* _Problem details_
Set down, exactly and in full, the line holding "DELYO - Bougie" and all the lines after it until the listing ends, and nothing else.

(Data shown Opens)

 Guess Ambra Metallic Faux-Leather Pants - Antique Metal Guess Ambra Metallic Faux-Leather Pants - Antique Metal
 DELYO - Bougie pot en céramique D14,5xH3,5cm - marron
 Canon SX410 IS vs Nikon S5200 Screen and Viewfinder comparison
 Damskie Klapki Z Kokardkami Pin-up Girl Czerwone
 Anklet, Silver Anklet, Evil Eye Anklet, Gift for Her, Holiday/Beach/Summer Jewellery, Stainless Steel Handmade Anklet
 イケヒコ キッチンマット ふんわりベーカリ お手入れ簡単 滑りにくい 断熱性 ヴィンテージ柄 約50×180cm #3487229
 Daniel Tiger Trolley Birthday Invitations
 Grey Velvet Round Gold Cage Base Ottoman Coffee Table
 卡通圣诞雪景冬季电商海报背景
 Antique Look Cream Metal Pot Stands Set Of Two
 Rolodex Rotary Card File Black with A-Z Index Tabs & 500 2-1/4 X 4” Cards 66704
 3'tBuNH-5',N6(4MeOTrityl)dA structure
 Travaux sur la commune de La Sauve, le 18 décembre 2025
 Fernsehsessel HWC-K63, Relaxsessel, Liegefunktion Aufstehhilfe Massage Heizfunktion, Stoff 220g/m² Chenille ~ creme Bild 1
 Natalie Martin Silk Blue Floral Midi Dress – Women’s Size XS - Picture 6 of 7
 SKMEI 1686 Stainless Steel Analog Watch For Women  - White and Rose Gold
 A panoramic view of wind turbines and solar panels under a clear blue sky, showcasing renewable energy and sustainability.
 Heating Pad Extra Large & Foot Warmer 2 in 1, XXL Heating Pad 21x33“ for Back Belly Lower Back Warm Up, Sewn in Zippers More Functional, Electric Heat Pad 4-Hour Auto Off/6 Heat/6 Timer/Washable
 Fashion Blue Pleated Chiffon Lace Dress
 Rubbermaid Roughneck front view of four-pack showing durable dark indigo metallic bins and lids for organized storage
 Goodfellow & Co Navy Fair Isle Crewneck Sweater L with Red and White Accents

(Data shown Closes)

* _Solution to this task_
 DELYO - Bougie pot en céramique D14,5xH3,5cm - marron
 Canon SX410 IS vs Nikon S5200 Screen and Viewfinder comparison
 Damskie Klapki Z Kokardkami Pin-up Girl Czerwone
 Anklet, Silver Anklet, Evil Eye Anklet, Gift for Her, Holiday/Beach/Summer Jewellery, Stainless Steel Handmade Anklet
 イケヒコ キッチンマット ふんわりベーカリ お手入れ簡単 滑りにくい 断熱性 ヴィンテージ柄 約50×180cm #3487229
 Daniel Tiger Trolley Birthday Invitations
 Grey Velvet Round Gold Cage Base Ottoman Coffee Table
 卡通圣诞雪景冬季电商海报背景
 Antique Look Cream Metal Pot Stands Set Of Two
 Rolodex Rotary Card File Black with A-Z Index Tabs & 500 2-1/4 X 4” Cards 66704
 3'tBuNH-5',N6(4MeOTrityl)dA structure
 Travaux sur la commune de La Sauve, le 18 décembre 2025
 Fernsehsessel HWC-K63, Relaxsessel, Liegefunktion Aufstehhilfe Massage Heizfunktion, Stoff 220g/m² Chenille ~ creme Bild 1
 Natalie Martin Silk Blue Floral Midi Dress – Women’s Size XS - Picture 6 of 7
 SKMEI 1686 Stainless Steel Analog Watch For Women  - White and Rose Gold
 A panoramic view of wind turbines and solar panels under a clear blue sky, showcasing renewable energy and sustainability.
 Heating Pad Extra Large & Foot Warmer 2 in 1, XXL Heating Pad 21x33“ for Back Belly Lower Back Warm Up, Sewn in Zippers More Functional, Electric Heat Pad 4-Hour Auto Off/6 Heat/6 Timer/Washable
 Fashion Blue Pleated Chiffon Lace Dress
 Rubbermaid Roughneck front view of four-pack showing durable dark indigo metallic bins and lids for organized storage
 Goodfellow & Co Navy Fair Isle Crewneck Sweater L with Red and White Accents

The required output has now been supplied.